Sanna Marin. | Zuma Press

Me gusta ver bailar a Sanna Marin. Por muchos motivos. Para empezar, me gusta ese contoneo arrítmico, porque yo mismo lo practiqué cuando la noche era un romanticismo fugaz conjugado en subjuntivo, y en la madrugada creíamos que el amor eterno duraba hasta el amanecer. Sanna baila como bailan los inmortales, y como quiera que todos lo fuimos antes de que los gigantes fuesen molinos, es de justicia dejar que los chicos camelen. Ojeo el vídeo y veo que, a su lado, un tipo brinda con la cámara, otra eleva la vista como si el infinito pudiese tocarse. Es la fiesta, es el locus amoenus de una juventud que a todos nos pertenece, que vimos crecer y morir en nuestros brazos como la Virgen a Cristo en La Piedad de Miguel Ángel. Dejen bailar a Sanna porque todos fuimos Sanna.

También me gusta ver bailar a la primera ministra finlandesa porque la humaniza.
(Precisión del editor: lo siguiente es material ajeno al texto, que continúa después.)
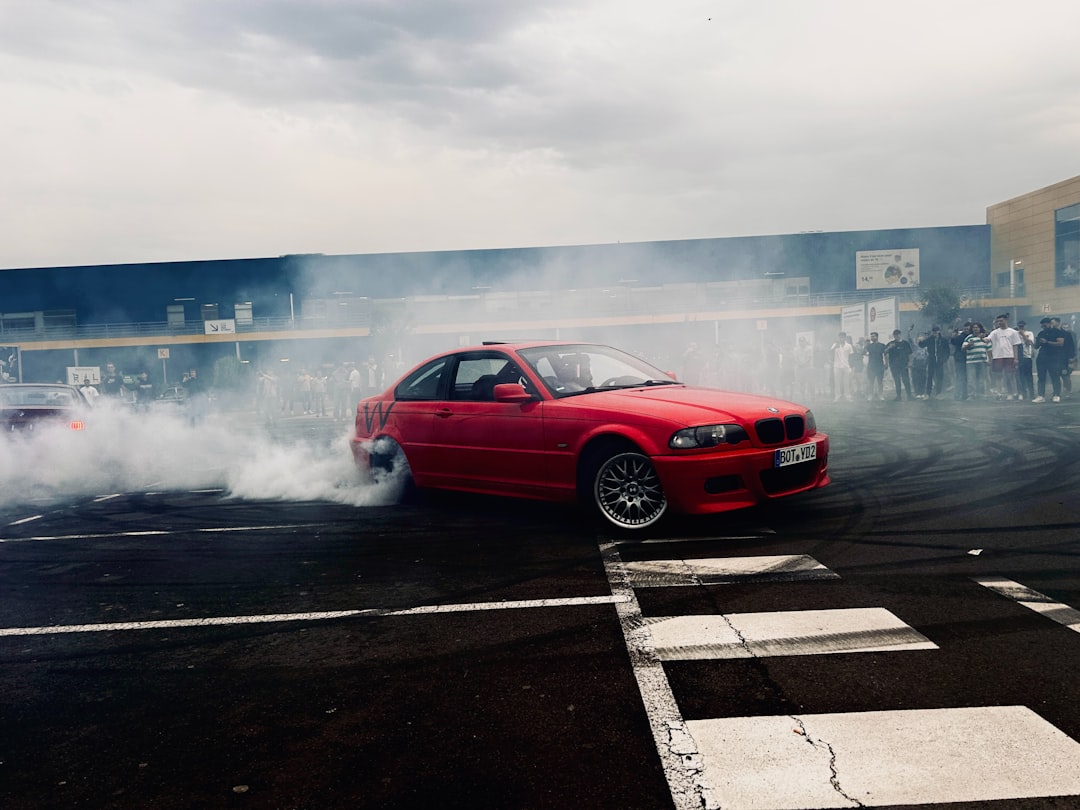 A red car driving down a street next to a crowd of people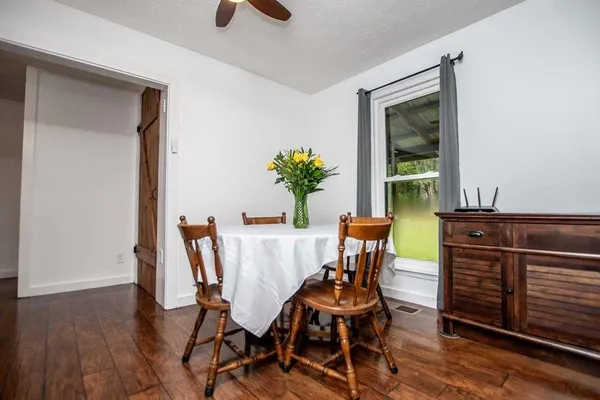 a view of a dining room with furniture and a potted plant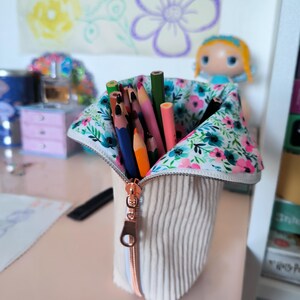 Puede incluir: Estuche de lápices de pana beige con forro floral, parcialmente abierto para revelar una colección de lápices de colores. La cremallera es de color oro rosa. Un dibujo de flores está en el fondo.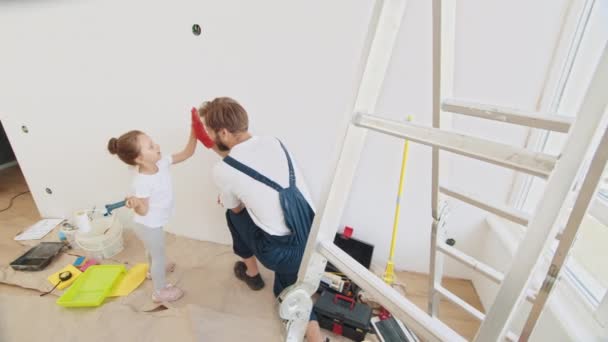 笑顔の4歳の少女は手にペイントローラーを持っています 子供は修理で 壁の近くに彼女の後ろに立っている彼女の父を助けます 父と娘はお互いに高い5を与える — ストック動画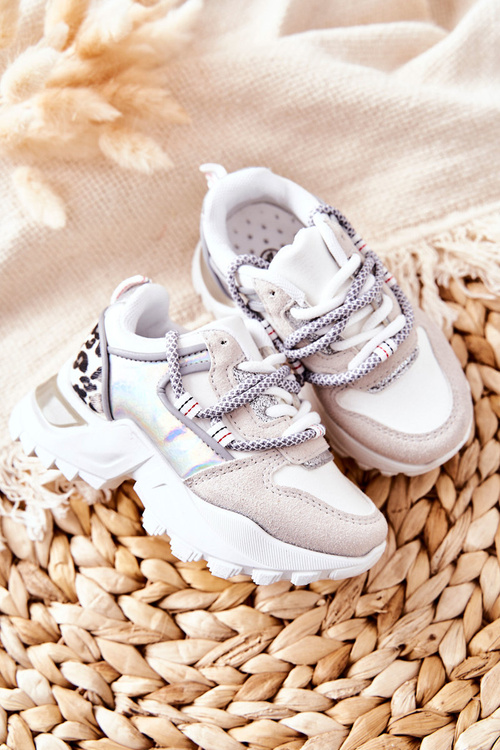 Дитяче спортивне взуття Кросівки білі Rommie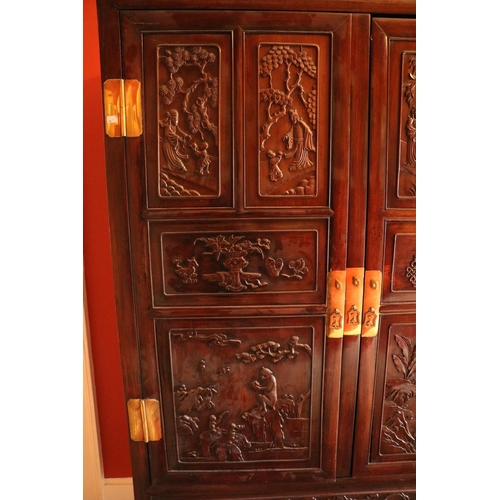 97 - A carved hardwood Cabinet (GUI) Qing Dynasty, of rectangular outline with a pair of hinged doors sep... 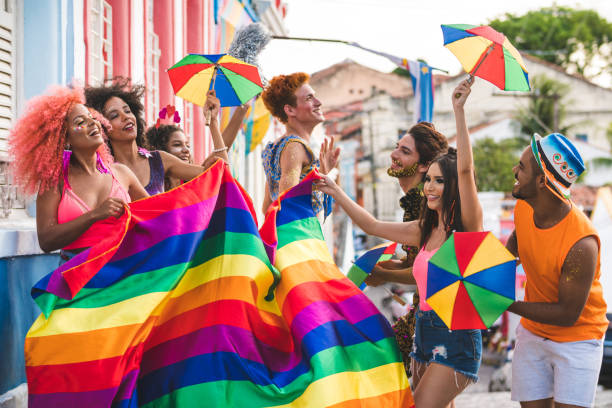 istock Young people dancing at street carnival 1126957545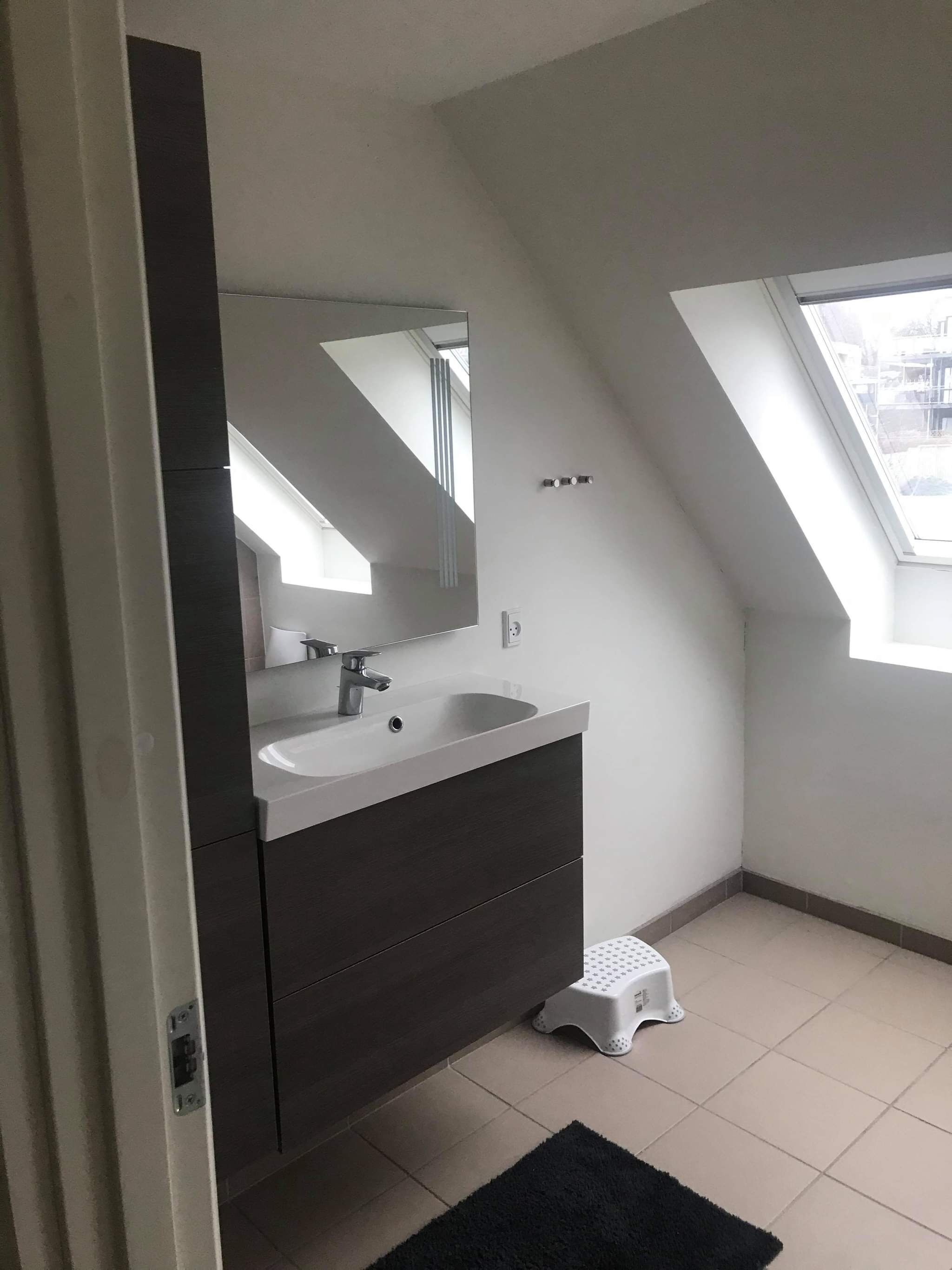 A modern bathroom with a large mirror, a sink, and a small stool.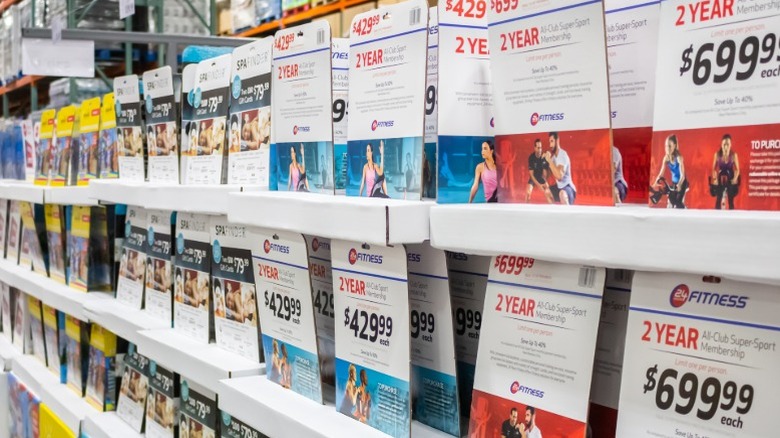 Discount deals on tickets and gym memberships shown in a display at Costco.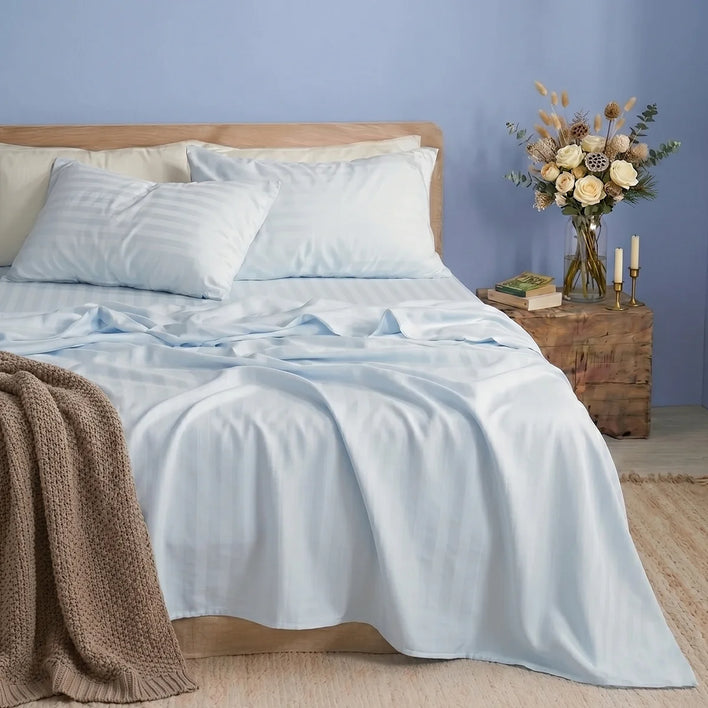 A made bed dressed in Super Sleeper Pro’s Royal Deluxe Imperial Dream Sheets™ Cotton Sateen 1200TC 4pc Set, in light blue stripes, with two pillows and a beige knit blanket at the foot, stands by a nightstand holding flowers, books, and candlesticks.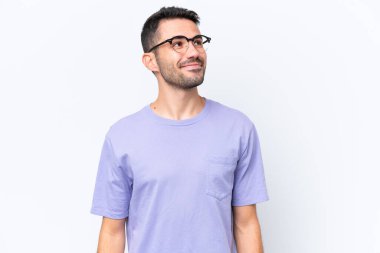 Beyaz arka planda izole edilmiş genç beyaz adam yukarı bakarken bir fikir düşünüyor.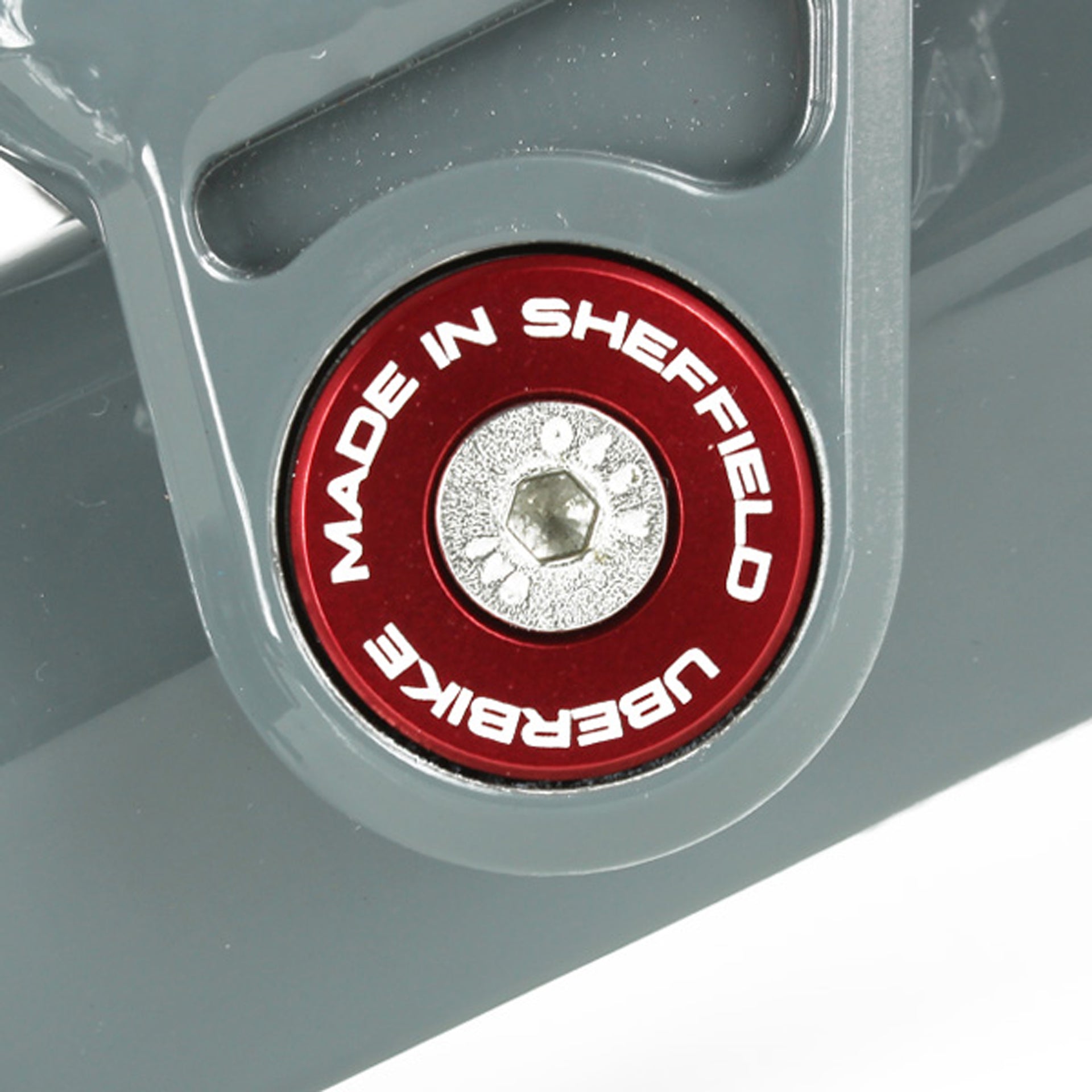Close-up of a Red 'Uberbike Made in Sheffield' Pivot bearing cap on a metallic surface.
Nos hace palpar al hombre detrás del traje gris de político. Miro el vídeo y me digo: esa joven es la encargada de taponar el ego del tirano que avanza y, fíjense: es capaz de reír y llorar y bailar y divertirse. Joder, es como nosotros. Porque a nosotros y no a otros nos atañe esto que ocurre. Me gusta ver bailar a Sanna Marin porque me recuerda que es la vida tal y como la conocemos en Occidente, esas mismas risas, esas mismas amistades, lo que está en juego. Dejen bailar a Sanna porque todos somos Sanna y necesitamos seguir siéndolo.

«Ya habrá tiempo de llorar cuando los mismos que ahora protestan desde el salón de su casa vean que las amenazas que se aúllan por televisión ya suenan a pocos metros de casa»

Así que me gusta verla bailar porque con cada gambeteo me deja claro que está tranquila: Finlandia se unirá al Tratado Atlántico, y lejos de achantarse, de encerrarse en el baño, ahí la tienes, unas cuantas copas de vino y tres o cuatro canciones de Bad Bunny. Si el tapón de los países limítrofes se ha basado en la confianza y el miedo, hecha pedazos la primera en Ucrania, ¿qué hacemos con el segundo? Pues eso: deglutan el canguelo en vaso de tubo, con hielo y rodaja de limón, al paso de Shakira, hips don’t lie, control antidrogas para satisfacer a los puritanos y a chapar el garito. Dejen bailar a Sanna, peor será cuando deje de hacerlo.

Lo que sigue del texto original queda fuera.